What the task asks: Copy each line from the records below in which the word "with" is found.

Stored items
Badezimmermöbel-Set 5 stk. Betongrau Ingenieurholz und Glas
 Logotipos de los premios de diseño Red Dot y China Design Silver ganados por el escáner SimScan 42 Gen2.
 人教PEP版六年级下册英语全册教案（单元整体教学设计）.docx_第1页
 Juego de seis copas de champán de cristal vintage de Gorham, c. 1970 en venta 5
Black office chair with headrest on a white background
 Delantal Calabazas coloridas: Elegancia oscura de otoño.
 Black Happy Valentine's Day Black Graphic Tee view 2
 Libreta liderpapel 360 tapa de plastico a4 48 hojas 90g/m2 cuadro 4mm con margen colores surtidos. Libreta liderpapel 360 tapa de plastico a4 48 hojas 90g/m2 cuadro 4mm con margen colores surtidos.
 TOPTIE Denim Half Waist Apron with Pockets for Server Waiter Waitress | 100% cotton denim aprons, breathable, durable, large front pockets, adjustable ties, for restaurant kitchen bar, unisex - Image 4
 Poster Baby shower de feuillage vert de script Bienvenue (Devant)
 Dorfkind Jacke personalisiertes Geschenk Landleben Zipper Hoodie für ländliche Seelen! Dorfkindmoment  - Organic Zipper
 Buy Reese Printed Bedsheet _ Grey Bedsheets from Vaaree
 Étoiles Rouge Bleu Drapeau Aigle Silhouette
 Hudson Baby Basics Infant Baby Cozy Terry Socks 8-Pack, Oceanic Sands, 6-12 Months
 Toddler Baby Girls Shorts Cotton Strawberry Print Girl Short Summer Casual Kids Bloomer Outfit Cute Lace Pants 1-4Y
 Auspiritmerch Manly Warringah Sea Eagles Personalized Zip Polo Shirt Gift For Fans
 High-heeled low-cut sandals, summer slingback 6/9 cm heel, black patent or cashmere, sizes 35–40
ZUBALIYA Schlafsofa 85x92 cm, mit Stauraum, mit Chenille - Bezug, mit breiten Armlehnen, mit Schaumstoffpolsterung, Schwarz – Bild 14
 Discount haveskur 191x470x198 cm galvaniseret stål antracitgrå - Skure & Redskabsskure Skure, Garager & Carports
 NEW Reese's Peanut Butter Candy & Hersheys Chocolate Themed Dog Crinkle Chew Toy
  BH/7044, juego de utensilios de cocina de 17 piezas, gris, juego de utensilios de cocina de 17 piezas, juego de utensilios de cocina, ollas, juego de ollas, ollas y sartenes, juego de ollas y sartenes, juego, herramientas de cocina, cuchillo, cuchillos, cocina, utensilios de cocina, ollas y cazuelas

The completed task:
Black office chair with headrest on a white background
 TOPTIE Denim Half Waist Apron with Pockets for Server Waiter Waitress | 100% cotton denim aprons, breathable, durable, large front pockets, adjustable ties, for restaurant kitchen bar, unisex - Image 4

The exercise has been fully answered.